/metmuseum-datamining

Project for Data Tools 1 COMP4447

Primary LanguageJupyter Notebook

COMP4447_Project

Project for Data Tools 1 COMP4447

Github Link: https://github.com/agraham85/COMP4447_Project

Team members: Mike Schmidlin, Andrew, Peter Strimbu

Mission: This team examined the "MetObjects" data set consisting of data from all the objects within the Metropolitan Museum of Art. The data was cleaned as much as possible and then summary data visuals were created to examine the data.

Data set: The dat set had 477,805 rows and 54 columns consisting of mostly text data but also numberical, boolean, and categorical data. The data contains properties related to artwork such as created dates, artist information, what materials the art is made out of, etc...

Other Analysis: We were able to find one other analysis of the data set. The premise of the analysis was very similar to our own; an exploratory dive into the data and what needed to be done with the cleaning. Summary link: https://towardsdatascience.com/metropolitan-museum-of-art-data-analysis-and-visualization-7d1d023c68fe github link: https://github.com/margaretmz/met-museum-data-analysis

Logistics: The data columns were divided up so each team member attempted to clean 1/3 of the data columns. In this way we attempted to clean the whole data set. This took place over two weeks with weekly meetings. At this point each team member took columns they found interesting and generated visuals. All code updates and cleaning was pushed to a remote gitgub repo.

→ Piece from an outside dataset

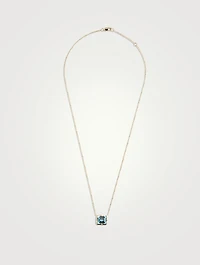 Cléo Daniela 14K Gold Emerald Cut Necklace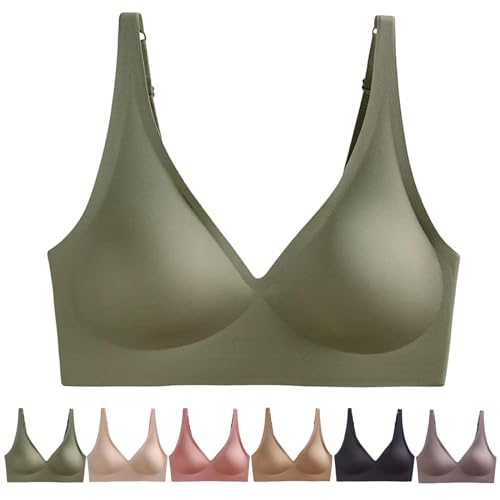 Nimedala Lavania - Nahtloser Premium Komfort BH, Seamless Bra for Women (M,Green) von Nimedala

Cleaning difficulties: There were many things in this dataset that made it difficult to clean. There was the usual issues of missing data and inconsistent formatting. Series.str methods were a good method for dealing with these inconsistencies. In addition there were extra challenges in this dataset such as multiple data entries per cell. For example if a piece of art had multiple artists associated with it they would be in a single cell delimited by a "|".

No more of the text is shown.